Le dépouillement pour la présidentielle égyptienne se poursuit, mais la partie est déjà gagné pour le maréchal Sissi.
Dépouillons-nous de toutes illusions. Le dépouillement du vote pour l'élection présidentielle en Egypte n'est pas terminé, mais le maréchal Sissi restera président. La dernière fois, il avait obtenu 96,9% des voix. Les maréchaux aiment les victoires aussi larges que des boulevards extérieurs. Cette année, Abdel Fattah al Sissi espère même pouvoir faire mieux. Ses rivaux, - les grincheux, les jaloux, les libéraux qui s’impatientent, les islamistes qui redressent la tête -, ont tous été mis hors de combat. Le général Anan, ancien chef d’Etat-Major a été jeté en prison. Un colonel aussi. En voilà deux, qui ne seront jamais maréchaux !

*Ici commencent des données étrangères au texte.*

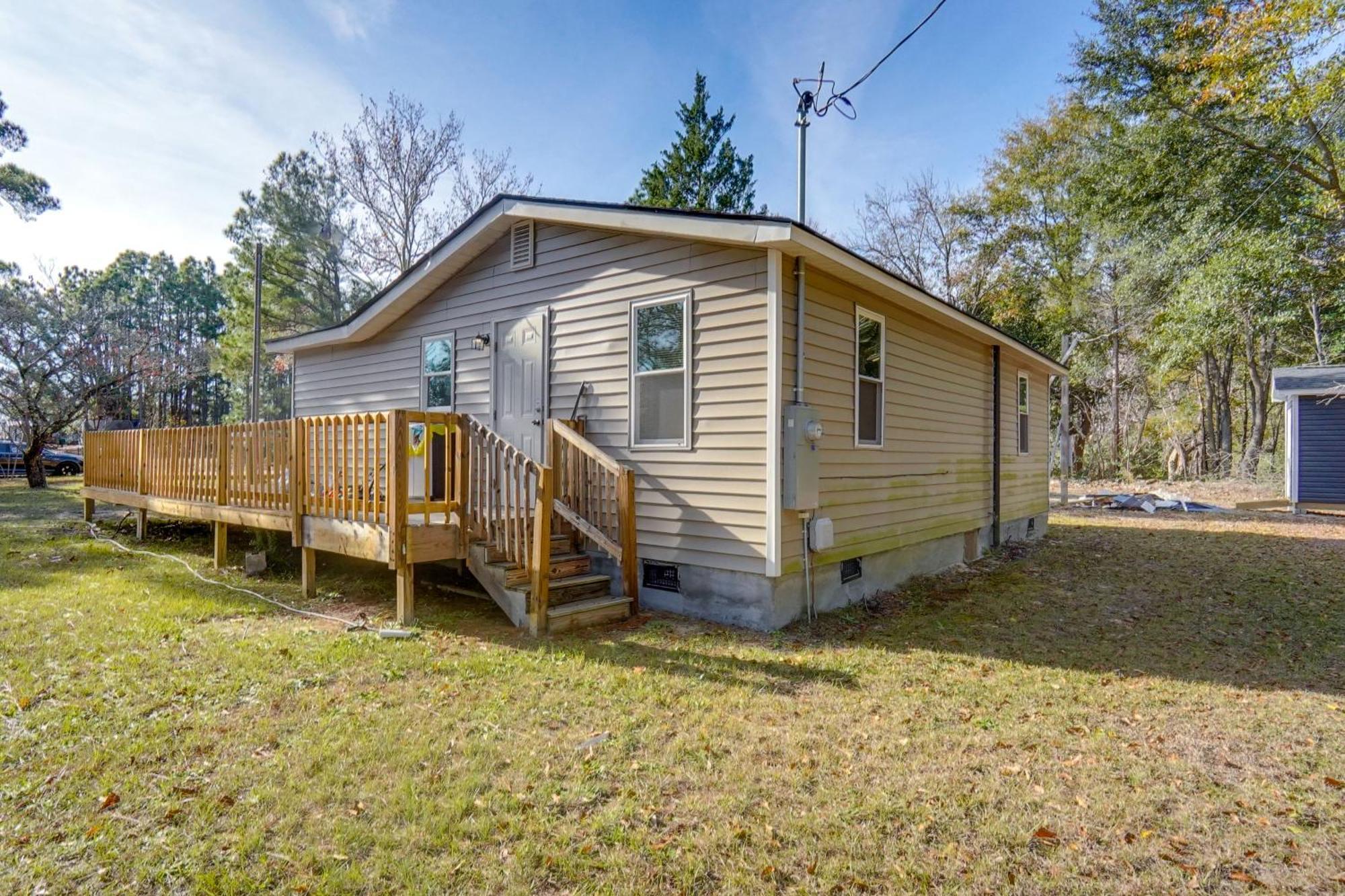 About 8 Mi To Pinehurst Cozy Home With Extended Deck! Aberdeen Exterior photo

Une farce électorale. Le président Sissi est surnommé "maréchal non non !" Il a récusé l’ancien Premier ministre Ahmed Chafik, neveu d'Anouar el-Sadate et des avocats, tous intimidés. Comme il fallait bien un challenger, un partisan du maréchal a dit "nous voilà !". Moussa Mustapha Moussa a ainsi fait campagne en vantant le bilan de son adversaire. Une vraie danse du ventre. Le résultat du plébiscite est prévu mardi prochain. Pour cette farce, il aurait été mieux valu la veille, le 1er avril.
Les chiffres de la participation sont attendus dans la journée. Essentielles pour légitimer le pouvoir, ils expliquent la raison pour laquelle le scrutin a été étiré sur trois jours, et prolongé encore d’une heure mercredi soir. Le conseil électoral a promis aux abstentionnistes de lourdes amendes. Le maréchal lui-même a menacé ceux qui lançaient des appels au boycott.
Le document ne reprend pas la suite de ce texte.